The Judge did not reach a conclusion on whether the LA had failed to comply with RIPA or whether the parents article 8 rights had been breached – they would have to issue a claim and have proper evidence about this issue before a Court could rule on it. However, from what is said, I don’t think that what the LA did complied with RIPA (That doesn’t mean that they DIDN’T – they may have got a RIPA authorisation and not put that before the Court – though that seems a strange decision if so…)
In addition to the surveillance report, the only direct evidence in this connection is a document entitled “REQUEST FOR AUTHORISATION TO COMMISSION A PRIVATE INVESTIGATOR”. This documents was signed on 26 April 2017 by the “Director of Children and Learning Skills”. It is far from clear if the signature is that of the person making the application or the person authorising the request. On the face of it, the form does not appear to be a form authorising surveillance. This illustrates the evidential difficulties in the relief that the parents are seeking. These are exacerbated by further fundamental difficulties which include the lack of any formal application and the consequential lack of any formal reply. Therefore, having regard to the guidance that I have detailed above and the evidential difficulties that I have identified, in my judgment it would be entirely inappropriate for me to make any findings in respect of the local authority’s conduct, decision making processes and any alleged breaches of the parents’ Article 8 rights. Similarly, in my judgment it would also be entirely inappropriate for me to endorse the local authority’s actions. If there is to be such an enquiry into these issues, it must be undertaken in accordance with the guidance that I have set out above and by way of a formal application following which the court will give the necessary directions. Inevitably this will include the filing and service of appropriate evidence.

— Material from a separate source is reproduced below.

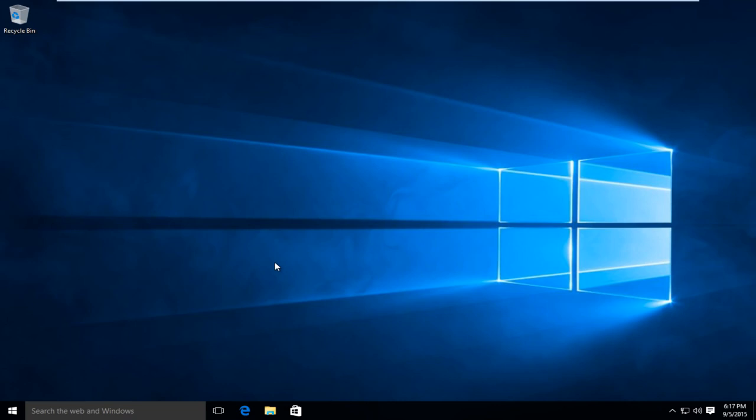Hello everyone, this is MD Tech here with another quick tutorial. Today I'll be showing you how to disable automatic driver updates in Windows 10.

Anyhow, that whole issue will have to wait for part 3, if there is to be a part 3.
What we are left with is whether evidence that may have been obtained improperly is capable of being admissible, or whether it should not even get before the Court if it was obtained improperly.
15. However it is clear that the surveillance evidence is relevant to the issues in the case. Goddard LJ in the Court of Appeal decision in Hollington v. F. Hewthorn and Company Limited, and Another  KB 587, at 593 and 594 explained the test in the following terms;
“Before dealing with the authorities, let us consider the question in the light of modern law relating to evidence … We say “modern law” because in former days, it is fair to say, the law paid more attention to competency of the witnesses that to the relevance of testimony …
It was not till the Evidence Act. 1843, that interested witnesses, other than the parties, their husbands and wives were rendered competent, and by the Evidence Act, 1851, the parties, and by the Evidence Act, 1853, their spouses, were at last enabled to give evidence …
But, nowadays, it is relevance and not competency that is the main consideration, and, generally speaking, all evidence that is relevant to an issue is admissible, while all that is irrelevant is excluded”.
Furthermore, the test for deciding “relevance” was succinctly expressed in the House of Lords decision by Simon LJ Director of Public Prosecution v Kilbourne  1 All ER 440, at 460 J in the following terms;
“Your Lordships have been concerned with four concept in the law of evidence: (i) relevance; (ii) admissibility; (iii) corroboration; (iv) weight. The first two terms are frequently, and in many circumstances legitimately, used interchangeably; but I think it makes for clarity if they are kept separate, since some relevant evidence is inadmissible and some admissible evidence is irrelevant in the sense that I shall shortly submit). Evidence is relevant if it is logically probative or disprobative of some matter which requires proof.”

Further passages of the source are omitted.